• **WHAT IS BEING ASKED**
The required answer is an exact copy of every entry underneath.

[STORED DATA]

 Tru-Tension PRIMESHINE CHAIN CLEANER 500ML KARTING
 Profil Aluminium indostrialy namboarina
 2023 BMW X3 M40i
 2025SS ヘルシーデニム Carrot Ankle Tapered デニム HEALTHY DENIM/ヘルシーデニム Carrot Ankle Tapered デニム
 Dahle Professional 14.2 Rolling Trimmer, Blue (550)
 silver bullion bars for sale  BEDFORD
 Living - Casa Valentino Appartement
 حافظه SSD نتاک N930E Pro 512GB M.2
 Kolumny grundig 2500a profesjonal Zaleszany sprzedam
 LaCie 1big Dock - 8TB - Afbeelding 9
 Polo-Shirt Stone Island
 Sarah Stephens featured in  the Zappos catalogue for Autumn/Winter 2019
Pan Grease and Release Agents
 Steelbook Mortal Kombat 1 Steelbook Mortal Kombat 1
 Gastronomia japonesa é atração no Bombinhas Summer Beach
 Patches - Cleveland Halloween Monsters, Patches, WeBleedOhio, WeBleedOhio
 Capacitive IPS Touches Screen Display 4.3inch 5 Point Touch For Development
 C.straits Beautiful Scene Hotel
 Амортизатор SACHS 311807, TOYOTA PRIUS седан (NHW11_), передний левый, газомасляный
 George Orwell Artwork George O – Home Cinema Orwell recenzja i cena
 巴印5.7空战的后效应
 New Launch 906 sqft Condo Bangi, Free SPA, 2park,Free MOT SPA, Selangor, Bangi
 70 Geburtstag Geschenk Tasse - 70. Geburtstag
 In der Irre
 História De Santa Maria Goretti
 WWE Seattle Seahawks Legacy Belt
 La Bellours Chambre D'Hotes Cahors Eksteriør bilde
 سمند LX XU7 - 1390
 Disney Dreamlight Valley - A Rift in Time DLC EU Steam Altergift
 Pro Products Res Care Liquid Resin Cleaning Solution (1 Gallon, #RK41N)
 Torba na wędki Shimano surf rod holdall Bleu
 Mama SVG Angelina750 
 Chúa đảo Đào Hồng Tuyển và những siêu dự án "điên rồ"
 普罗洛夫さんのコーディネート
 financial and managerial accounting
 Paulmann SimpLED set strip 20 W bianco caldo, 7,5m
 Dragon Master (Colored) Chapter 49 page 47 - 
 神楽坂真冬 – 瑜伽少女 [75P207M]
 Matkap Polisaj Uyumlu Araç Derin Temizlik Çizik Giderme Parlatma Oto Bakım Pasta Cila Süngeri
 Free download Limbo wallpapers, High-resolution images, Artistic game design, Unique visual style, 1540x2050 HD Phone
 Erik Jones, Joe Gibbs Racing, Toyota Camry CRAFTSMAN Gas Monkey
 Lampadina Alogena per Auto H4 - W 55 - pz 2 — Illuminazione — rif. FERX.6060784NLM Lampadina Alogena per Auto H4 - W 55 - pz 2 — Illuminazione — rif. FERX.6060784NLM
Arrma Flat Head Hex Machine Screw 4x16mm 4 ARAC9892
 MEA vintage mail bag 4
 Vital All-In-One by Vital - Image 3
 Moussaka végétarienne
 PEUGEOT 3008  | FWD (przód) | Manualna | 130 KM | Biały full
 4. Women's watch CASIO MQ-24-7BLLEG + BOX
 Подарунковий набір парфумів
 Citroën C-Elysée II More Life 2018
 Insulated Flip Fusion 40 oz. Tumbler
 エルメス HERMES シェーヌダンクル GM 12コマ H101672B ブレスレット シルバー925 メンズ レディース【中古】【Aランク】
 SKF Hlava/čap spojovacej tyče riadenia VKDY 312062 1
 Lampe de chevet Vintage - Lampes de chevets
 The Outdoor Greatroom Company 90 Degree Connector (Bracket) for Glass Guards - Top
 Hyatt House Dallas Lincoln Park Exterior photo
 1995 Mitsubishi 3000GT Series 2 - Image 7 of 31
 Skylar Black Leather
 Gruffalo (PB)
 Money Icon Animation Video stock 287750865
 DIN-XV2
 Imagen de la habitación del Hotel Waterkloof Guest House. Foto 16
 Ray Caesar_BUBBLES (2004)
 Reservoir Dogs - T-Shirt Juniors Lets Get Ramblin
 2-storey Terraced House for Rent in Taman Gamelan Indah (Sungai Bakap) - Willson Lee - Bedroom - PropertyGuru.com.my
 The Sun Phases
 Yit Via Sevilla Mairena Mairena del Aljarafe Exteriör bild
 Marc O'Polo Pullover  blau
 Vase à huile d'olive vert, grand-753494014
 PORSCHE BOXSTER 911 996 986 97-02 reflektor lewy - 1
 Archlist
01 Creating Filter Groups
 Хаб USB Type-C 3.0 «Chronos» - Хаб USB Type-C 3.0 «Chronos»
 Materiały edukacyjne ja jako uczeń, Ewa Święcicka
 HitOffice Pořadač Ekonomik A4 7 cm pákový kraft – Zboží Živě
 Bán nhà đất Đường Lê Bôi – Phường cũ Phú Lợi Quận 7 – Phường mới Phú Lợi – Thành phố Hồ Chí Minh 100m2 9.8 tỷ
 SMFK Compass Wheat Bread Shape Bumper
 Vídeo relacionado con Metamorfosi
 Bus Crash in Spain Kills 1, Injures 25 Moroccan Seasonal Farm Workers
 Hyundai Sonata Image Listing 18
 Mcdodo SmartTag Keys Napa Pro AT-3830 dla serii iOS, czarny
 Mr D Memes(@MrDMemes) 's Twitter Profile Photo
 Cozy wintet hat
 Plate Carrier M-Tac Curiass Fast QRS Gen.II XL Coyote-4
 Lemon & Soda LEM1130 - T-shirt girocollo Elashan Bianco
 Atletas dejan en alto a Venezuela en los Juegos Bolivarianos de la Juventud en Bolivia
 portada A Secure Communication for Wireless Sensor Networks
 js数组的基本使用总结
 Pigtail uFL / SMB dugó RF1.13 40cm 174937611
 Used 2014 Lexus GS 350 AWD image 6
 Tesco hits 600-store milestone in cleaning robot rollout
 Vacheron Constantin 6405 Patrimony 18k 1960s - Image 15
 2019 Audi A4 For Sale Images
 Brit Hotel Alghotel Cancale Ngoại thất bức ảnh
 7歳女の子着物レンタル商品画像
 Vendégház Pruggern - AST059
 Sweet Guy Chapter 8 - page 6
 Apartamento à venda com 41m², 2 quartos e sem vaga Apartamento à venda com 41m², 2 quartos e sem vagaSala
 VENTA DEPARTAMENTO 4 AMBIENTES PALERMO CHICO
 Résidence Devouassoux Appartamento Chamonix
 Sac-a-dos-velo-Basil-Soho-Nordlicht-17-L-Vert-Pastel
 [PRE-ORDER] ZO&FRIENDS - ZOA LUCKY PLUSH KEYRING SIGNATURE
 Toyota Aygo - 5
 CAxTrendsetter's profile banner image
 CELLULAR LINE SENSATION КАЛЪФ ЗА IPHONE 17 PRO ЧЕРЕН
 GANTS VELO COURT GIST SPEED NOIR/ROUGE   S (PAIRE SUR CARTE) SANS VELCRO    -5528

[/STORED DATA]

• **WORKED SOLUTION**
 Tru-Tension PRIMESHINE CHAIN CLEANER 500ML KARTING
 Profil Aluminium indostrialy namboarina
 2023 BMW X3 M40i
 2025SS ヘルシーデニム Carrot Ankle Tapered デニム HEALTHY DENIM/ヘルシーデニム Carrot Ankle Tapered デニム
 Dahle Professional 14.2 Rolling Trimmer, Blue (550)
 silver bullion bars for sale  BEDFORD
 Living - Casa Valentino Appartement
 حافظه SSD نتاک N930E Pro 512GB M.2
 Kolumny grundig 2500a profesjonal Zaleszany sprzedam
 LaCie 1big Dock - 8TB - Afbeelding 9
 Polo-Shirt Stone Island
 Sarah Stephens featured in  the Zappos catalogue for Autumn/Winter 2019
Pan Grease and Release Agents
 Steelbook Mortal Kombat 1 Steelbook Mortal Kombat 1
 Gastronomia japonesa é atração no Bombinhas Summer Beach
 Patches - Cleveland Halloween Monsters, Patches, WeBleedOhio, WeBleedOhio
 Capacitive IPS Touches Screen Display 4.3inch 5 Point Touch For Development
 C.straits Beautiful Scene Hotel
 Амортизатор SACHS 311807, TOYOTA PRIUS седан (NHW11_), передний левый, газомасляный
 George Orwell Artwork George O – Home Cinema Orwell recenzja i cena
 巴印5.7空战的后效应
 New Launch 906 sqft Condo Bangi, Free SPA, 2park,Free MOT SPA, Selangor, Bangi
 70 Geburtstag Geschenk Tasse - 70. Geburtstag
 In der Irre
 História De Santa Maria Goretti
 WWE Seattle Seahawks Legacy Belt
 La Bellours Chambre D'Hotes Cahors Eksteriør bilde
 سمند LX XU7 - 1390
 Disney Dreamlight Valley - A Rift in Time DLC EU Steam Altergift
 Pro Products Res Care Liquid Resin Cleaning Solution (1 Gallon, #RK41N)
 Torba na wędki Shimano surf rod holdall Bleu
 Mama SVG Angelina750 
 Chúa đảo Đào Hồng Tuyển và những siêu dự án "điên rồ"
 普罗洛夫さんのコーディネート
 financial and managerial accounting
 Paulmann SimpLED set strip 20 W bianco caldo, 7,5m
 Dragon Master (Colored) Chapter 49 page 47 - 
 神楽坂真冬 – 瑜伽少女 [75P207M]
 Matkap Polisaj Uyumlu Araç Derin Temizlik Çizik Giderme Parlatma Oto Bakım Pasta Cila Süngeri
 Free download Limbo wallpapers, High-resolution images, Artistic game design, Unique visual style, 1540x2050 HD Phone
 Erik Jones, Joe Gibbs Racing, Toyota Camry CRAFTSMAN Gas Monkey
 Lampadina Alogena per Auto H4 - W 55 - pz 2 — Illuminazione — rif. FERX.6060784NLM Lampadina Alogena per Auto H4 - W 55 - pz 2 — Illuminazione — rif. FERX.6060784NLM
Arrma Flat Head Hex Machine Screw 4x16mm 4 ARAC9892
 MEA vintage mail bag 4
 Vital All-In-One by Vital - Image 3
 Moussaka végétarienne
 PEUGEOT 3008  | FWD (przód) | Manualna | 130 KM | Biały full
 4. Women's watch CASIO MQ-24-7BLLEG + BOX
 Подарунковий набір парфумів
 Citroën C-Elysée II More Life 2018
 Insulated Flip Fusion 40 oz. Tumbler
 エルメス HERMES シェーヌダンクル GM 12コマ H101672B ブレスレット シルバー925 メンズ レディース【中古】【Aランク】
 SKF Hlava/čap spojovacej tyče riadenia VKDY 312062 1
 Lampe de chevet Vintage - Lampes de chevets
 The Outdoor Greatroom Company 90 Degree Connector (Bracket) for Glass Guards - Top
 Hyatt House Dallas Lincoln Park Exterior photo
 1995 Mitsubishi 3000GT Series 2 - Image 7 of 31
 Skylar Black Leather
 Gruffalo (PB)
 Money Icon Animation Video stock 287750865
 DIN-XV2
 Imagen de la habitación del Hotel Waterkloof Guest House. Foto 16
 Ray Caesar_BUBBLES (2004)
 Reservoir Dogs - T-Shirt Juniors Lets Get Ramblin
 2-storey Terraced House for Rent in Taman Gamelan Indah (Sungai Bakap) - Willson Lee - Bedroom - PropertyGuru.com.my
 The Sun Phases
 Yit Via Sevilla Mairena Mairena del Aljarafe Exteriör bild
 Marc O'Polo Pullover  blau
 Vase à huile d'olive vert, grand-753494014
 PORSCHE BOXSTER 911 996 986 97-02 reflektor lewy - 1
 Archlist
01 Creating Filter Groups
 Хаб USB Type-C 3.0 «Chronos» - Хаб USB Type-C 3.0 «Chronos»
 Materiały edukacyjne ja jako uczeń, Ewa Święcicka
 HitOffice Pořadač Ekonomik A4 7 cm pákový kraft – Zboží Živě
 Bán nhà đất Đường Lê Bôi – Phường cũ Phú Lợi Quận 7 – Phường mới Phú Lợi – Thành phố Hồ Chí Minh 100m2 9.8 tỷ
 SMFK Compass Wheat Bread Shape Bumper
 Vídeo relacionado con Metamorfosi
 Bus Crash in Spain Kills 1, Injures 25 Moroccan Seasonal Farm Workers
 Hyundai Sonata Image Listing 18
 Mcdodo SmartTag Keys Napa Pro AT-3830 dla serii iOS, czarny
 Mr D Memes(@MrDMemes) 's Twitter Profile Photo
 Cozy wintet hat
 Plate Carrier M-Tac Curiass Fast QRS Gen.II XL Coyote-4
 Lemon & Soda LEM1130 - T-shirt girocollo Elashan Bianco
 Atletas dejan en alto a Venezuela en los Juegos Bolivarianos de la Juventud en Bolivia
 portada A Secure Communication for Wireless Sensor Networks
 js数组的基本使用总结
 Pigtail uFL / SMB dugó RF1.13 40cm 174937611
 Used 2014 Lexus GS 350 AWD image 6
 Tesco hits 600-store milestone in cleaning robot rollout
 Vacheron Constantin 6405 Patrimony 18k 1960s - Image 15
 2019 Audi A4 For Sale Images
 Brit Hotel Alghotel Cancale Ngoại thất bức ảnh
 7歳女の子着物レンタル商品画像
 Vendégház Pruggern - AST059
 Sweet Guy Chapter 8 - page 6
 Apartamento à venda com 41m², 2 quartos e sem vaga Apartamento à venda com 41m², 2 quartos e sem vagaSala
 VENTA DEPARTAMENTO 4 AMBIENTES PALERMO CHICO
 Résidence Devouassoux Appartamento Chamonix
 Sac-a-dos-velo-Basil-Soho-Nordlicht-17-L-Vert-Pastel
 [PRE-ORDER] ZO&FRIENDS - ZOA LUCKY PLUSH KEYRING SIGNATURE
 Toyota Aygo - 5
 CAxTrendsetter's profile banner image
 CELLULAR LINE SENSATION КАЛЪФ ЗА IPHONE 17 PRO ЧЕРЕН
 GANTS VELO COURT GIST SPEED NOIR/ROUGE   S (PAIRE SUR CARTE) SANS VELCRO    -5528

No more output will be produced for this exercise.